Task to carry out:
Please give back word for word the lines of the material below between the line containing "Bernheim Forest hiking" and the line containing "Two Yellow Iris06595.JPG", inclusive.

Data to process:
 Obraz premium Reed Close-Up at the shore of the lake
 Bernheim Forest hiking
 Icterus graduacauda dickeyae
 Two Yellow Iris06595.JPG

==

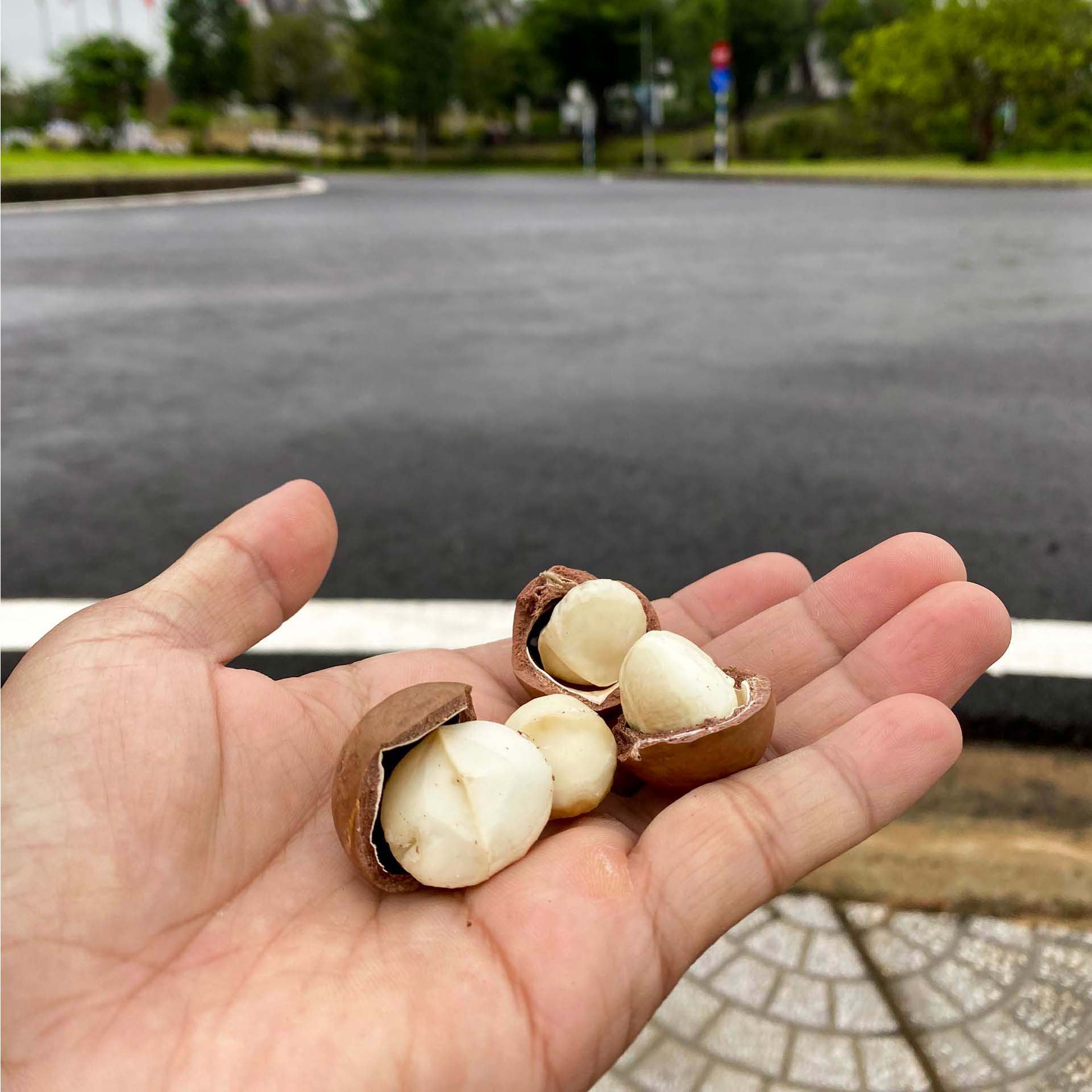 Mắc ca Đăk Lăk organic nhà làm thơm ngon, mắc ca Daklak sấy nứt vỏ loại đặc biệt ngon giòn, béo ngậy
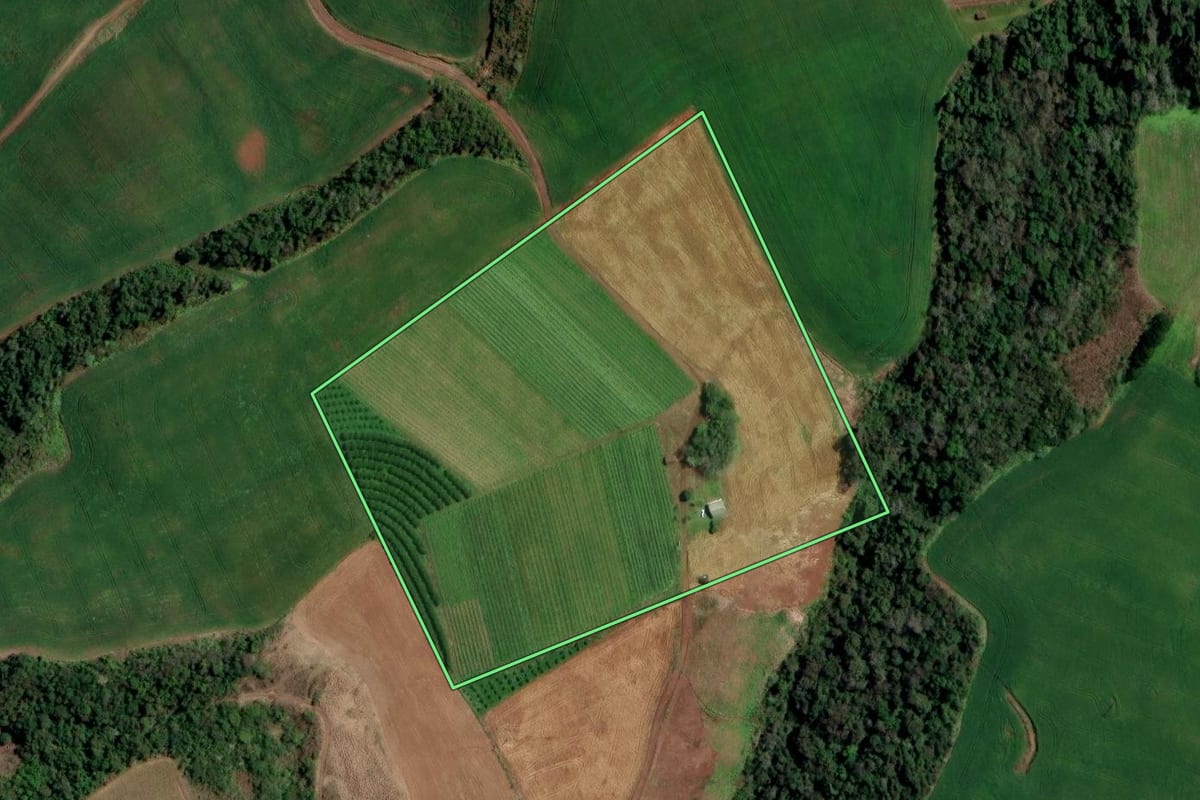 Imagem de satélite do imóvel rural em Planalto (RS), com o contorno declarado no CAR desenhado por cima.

---

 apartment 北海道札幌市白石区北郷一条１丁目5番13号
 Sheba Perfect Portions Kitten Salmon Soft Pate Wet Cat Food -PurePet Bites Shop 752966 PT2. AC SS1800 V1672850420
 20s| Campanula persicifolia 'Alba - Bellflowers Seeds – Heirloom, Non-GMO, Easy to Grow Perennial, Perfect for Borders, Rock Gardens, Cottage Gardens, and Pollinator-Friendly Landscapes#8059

Written answer:
 Bernheim Forest hiking
 Icterus graduacauda dickeyae
 Two Yellow Iris06595.JPG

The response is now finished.